Lily’s Crossing – Patricia Reilly Giff
Delacorte Press, 1997
Patricia Reilly Giff, who died in June, left an unforgettable body of work for young readers. Her funny and engaging series about the Polk Street School kids, her historical novels, many about Irish and Irish-American children, and a broad range of other works, are her legacy. One of my favorite books by her, and, in fact, by any author of middle-grade fiction, remains Lily’s Crossing. This story of a motherless girl, Lily Mollahan, who befriends a Hungarian refugee boy, Albert Orban, takes place in Far Rockaway, New York, in 1944. Lily, her father, and her grandmother live in St. Albans, Queens, but spend the summers in a seaside community where both year-round and summer residents make their homes. Her best friend has moved to Detroit, and her father, an engineer, leaves to serve in the military. Lily is devastated. This beautiful, elegiac, look back at a specific time and place in American history is also a sensitive picture of childhood, relevant to anyone who has ever struggled with loss.
Life is hard during wartime. Mrs. Sherman’s bakery has been affected by rationing, now selling mainly cookies which “would be hard by now, the juice drained out overnight.” The local letter carrier is kept busy, but still has time to let Lily know when he has a letter from her father overseas. Lily’s days are filled with swimming and rowing, practicing the piano, attending church, and feeling sad. Giff captures both the nostalgia for an era when Americans were largely united in a feeling of sacrifice, but also lived with the daily anguish and anxiety of absent fathers, brothers, and husbands. Many Americans, like Lily’s neighbors, the Orbans, had relatives in Europe whose fate was uncertain, or worse. When Lily meets Albert, at first she projects her anger at him, finding his serious, almost adult, demeanor, to be irritating. But gradually the two children form a bond based on their grief, as well as their need to be normal, rule-testing, kids.
Lily feels guilty because she sometimes tells lies.
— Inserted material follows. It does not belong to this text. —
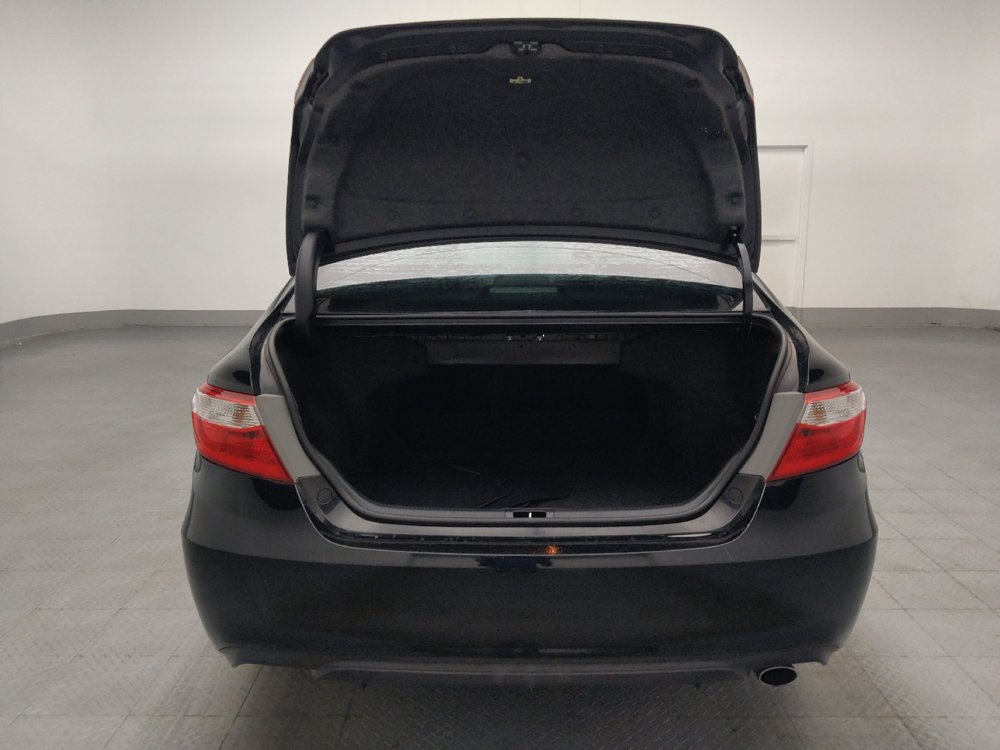 Used 2015 Toyota Camry SE FWD image 29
Imaginary accomplishments or famous distant relatives make her feel important, and creative untruths can sometimes keep her out of trouble. When she suggests an unrealistic plan to reunite with her father, Albert desperately tries to follow her lead. Both Lily and Albert figure out that motives matter when people make mistakes, even nearly disastrous ones. They also learn that telling the truth is hard, but that they have built up a level of trust with one another where it is much better than the alternative.
Lily has a collection of paper stars which remind her of her mother. Each summer, she brings up with her from St. Albans to Far Rockaway. When she explains the practice to Albert, he understands:
“I bring one with me to Rockaway every year,” she said. “I counted. There are dozens of them left on my ceiling. I’ll be thirty or forty before they’re all used up,”…
She took a breath. It was nice to tell someone about the stars. It was so nice to talk about her mother as if she, Lily, were like everyone else, like everyone who had a mother…
Lily squinted a little, looking out at a curl of smoke from a freighter far away.”
Patricia Reilly Giff has so many books to share with children, but you might want to begin with this one. It will be so nice to tell someone about the stars.